#### What the task asks:
Repeat exactly the lines below that lie between the line with "Naktsskapītis Alta, Balta, 41X35X55,5" and the line with "Nakia - 14K", counting both of those lines as part of the answer.

Segment Start: Task inputs

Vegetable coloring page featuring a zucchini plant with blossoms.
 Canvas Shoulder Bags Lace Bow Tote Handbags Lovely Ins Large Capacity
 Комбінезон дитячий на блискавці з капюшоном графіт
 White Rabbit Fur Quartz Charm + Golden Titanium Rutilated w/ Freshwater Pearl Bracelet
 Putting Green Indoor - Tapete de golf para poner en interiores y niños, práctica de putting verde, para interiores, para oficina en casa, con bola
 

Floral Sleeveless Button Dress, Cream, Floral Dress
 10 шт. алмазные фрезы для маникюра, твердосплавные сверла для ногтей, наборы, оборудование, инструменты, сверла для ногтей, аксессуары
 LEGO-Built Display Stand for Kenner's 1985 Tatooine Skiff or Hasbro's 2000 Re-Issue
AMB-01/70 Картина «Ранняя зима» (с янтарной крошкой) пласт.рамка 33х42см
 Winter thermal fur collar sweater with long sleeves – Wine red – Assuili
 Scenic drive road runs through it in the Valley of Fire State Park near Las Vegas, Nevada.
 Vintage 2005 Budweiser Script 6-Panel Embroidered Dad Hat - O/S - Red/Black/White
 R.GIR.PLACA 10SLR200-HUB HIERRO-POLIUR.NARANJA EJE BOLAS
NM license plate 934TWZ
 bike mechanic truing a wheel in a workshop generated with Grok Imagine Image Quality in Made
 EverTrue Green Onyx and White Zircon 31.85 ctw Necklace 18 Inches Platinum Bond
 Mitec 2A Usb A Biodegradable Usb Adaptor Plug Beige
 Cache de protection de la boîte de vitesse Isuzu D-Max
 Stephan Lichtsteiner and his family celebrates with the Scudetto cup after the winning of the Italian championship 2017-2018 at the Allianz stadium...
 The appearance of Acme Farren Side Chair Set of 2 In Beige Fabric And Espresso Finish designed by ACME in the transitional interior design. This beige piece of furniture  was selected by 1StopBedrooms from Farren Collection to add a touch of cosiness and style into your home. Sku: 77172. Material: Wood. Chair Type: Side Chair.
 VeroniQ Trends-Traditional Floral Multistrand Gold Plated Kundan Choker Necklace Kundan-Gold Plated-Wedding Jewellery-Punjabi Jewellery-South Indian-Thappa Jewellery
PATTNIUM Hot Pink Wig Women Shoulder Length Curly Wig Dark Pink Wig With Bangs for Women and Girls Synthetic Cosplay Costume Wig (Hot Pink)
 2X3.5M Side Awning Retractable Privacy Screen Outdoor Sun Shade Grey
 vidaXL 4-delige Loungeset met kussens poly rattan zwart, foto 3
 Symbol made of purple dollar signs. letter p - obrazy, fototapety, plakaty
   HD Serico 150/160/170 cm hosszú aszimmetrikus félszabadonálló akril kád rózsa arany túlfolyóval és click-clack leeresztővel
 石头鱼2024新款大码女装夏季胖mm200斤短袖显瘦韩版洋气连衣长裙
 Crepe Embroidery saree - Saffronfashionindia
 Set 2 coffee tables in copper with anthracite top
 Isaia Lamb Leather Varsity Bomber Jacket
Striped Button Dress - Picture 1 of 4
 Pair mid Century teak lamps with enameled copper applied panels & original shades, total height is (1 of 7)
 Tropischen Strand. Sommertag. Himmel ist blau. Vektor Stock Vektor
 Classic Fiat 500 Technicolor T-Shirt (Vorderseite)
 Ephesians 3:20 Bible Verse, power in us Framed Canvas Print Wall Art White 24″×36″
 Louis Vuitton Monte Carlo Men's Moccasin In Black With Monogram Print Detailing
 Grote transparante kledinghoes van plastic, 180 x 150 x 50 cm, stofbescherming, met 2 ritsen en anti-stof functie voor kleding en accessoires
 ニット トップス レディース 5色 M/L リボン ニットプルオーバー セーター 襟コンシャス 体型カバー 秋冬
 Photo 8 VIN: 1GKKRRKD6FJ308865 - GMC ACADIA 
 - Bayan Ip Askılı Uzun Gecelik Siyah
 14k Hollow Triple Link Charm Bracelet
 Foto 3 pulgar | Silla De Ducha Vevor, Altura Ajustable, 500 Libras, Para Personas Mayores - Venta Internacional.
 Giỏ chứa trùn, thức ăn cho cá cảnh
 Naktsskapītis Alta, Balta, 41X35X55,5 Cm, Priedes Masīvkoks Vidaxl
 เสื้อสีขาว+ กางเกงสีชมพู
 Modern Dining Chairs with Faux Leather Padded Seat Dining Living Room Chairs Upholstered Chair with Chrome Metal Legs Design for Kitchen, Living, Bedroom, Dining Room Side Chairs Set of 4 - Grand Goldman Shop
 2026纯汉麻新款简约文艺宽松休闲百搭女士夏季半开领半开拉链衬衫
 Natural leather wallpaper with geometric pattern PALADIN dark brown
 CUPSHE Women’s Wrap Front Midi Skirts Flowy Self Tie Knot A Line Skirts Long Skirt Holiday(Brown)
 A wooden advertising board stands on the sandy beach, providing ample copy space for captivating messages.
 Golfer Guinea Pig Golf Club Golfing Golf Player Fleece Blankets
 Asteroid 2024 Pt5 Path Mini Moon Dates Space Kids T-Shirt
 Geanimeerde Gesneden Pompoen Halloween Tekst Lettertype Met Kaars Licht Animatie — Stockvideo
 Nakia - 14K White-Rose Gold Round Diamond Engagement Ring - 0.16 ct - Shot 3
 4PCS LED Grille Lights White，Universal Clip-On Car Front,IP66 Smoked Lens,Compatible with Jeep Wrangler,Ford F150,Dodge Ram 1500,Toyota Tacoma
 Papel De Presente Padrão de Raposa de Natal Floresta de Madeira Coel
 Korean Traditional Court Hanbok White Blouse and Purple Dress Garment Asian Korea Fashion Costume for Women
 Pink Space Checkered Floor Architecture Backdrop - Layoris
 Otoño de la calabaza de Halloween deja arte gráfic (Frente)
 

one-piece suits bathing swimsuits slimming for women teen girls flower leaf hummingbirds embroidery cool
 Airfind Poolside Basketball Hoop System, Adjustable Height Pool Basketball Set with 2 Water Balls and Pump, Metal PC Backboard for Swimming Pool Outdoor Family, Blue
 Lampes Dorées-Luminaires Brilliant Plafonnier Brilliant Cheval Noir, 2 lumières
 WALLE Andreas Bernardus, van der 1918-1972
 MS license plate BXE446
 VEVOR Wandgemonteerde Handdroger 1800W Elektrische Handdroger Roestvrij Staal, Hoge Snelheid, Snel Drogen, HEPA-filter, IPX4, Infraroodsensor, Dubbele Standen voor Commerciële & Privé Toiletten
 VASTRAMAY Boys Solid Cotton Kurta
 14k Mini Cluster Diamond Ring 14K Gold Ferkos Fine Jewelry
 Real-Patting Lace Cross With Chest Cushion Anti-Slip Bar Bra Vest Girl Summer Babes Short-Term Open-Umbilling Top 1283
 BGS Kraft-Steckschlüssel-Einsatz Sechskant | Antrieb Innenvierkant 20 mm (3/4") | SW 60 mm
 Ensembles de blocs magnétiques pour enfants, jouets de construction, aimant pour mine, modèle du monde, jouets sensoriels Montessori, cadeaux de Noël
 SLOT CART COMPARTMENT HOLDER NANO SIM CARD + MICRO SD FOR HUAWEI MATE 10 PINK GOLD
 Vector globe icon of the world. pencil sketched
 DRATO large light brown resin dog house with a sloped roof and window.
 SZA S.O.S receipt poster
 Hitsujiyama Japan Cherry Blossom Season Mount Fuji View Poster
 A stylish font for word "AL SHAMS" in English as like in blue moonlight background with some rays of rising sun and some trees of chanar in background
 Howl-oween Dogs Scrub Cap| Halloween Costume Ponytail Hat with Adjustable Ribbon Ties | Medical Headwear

Segment End: Task inputs

#### Output of the task:
 Naktsskapītis Alta, Balta, 41X35X55,5 Cm, Priedes Masīvkoks Vidaxl
 เสื้อสีขาว+ กางเกงสีชมพู
 Modern Dining Chairs with Faux Leather Padded Seat Dining Living Room Chairs Upholstered Chair with Chrome Metal Legs Design for Kitchen, Living, Bedroom, Dining Room Side Chairs Set of 4 - Grand Goldman Shop
 2026纯汉麻新款简约文艺宽松休闲百搭女士夏季半开领半开拉链衬衫
 Natural leather wallpaper with geometric pattern PALADIN dark brown
 CUPSHE Women’s Wrap Front Midi Skirts Flowy Self Tie Knot A Line Skirts Long Skirt Holiday(Brown)
 A wooden advertising board stands on the sandy beach, providing ample copy space for captivating messages.
 Golfer Guinea Pig Golf Club Golfing Golf Player Fleece Blankets
 Asteroid 2024 Pt5 Path Mini Moon Dates Space Kids T-Shirt
 Geanimeerde Gesneden Pompoen Halloween Tekst Lettertype Met Kaars Licht Animatie — Stockvideo
 Nakia - 14K White-Rose Gold Round Diamond Engagement Ring - 0.16 ct - Shot 3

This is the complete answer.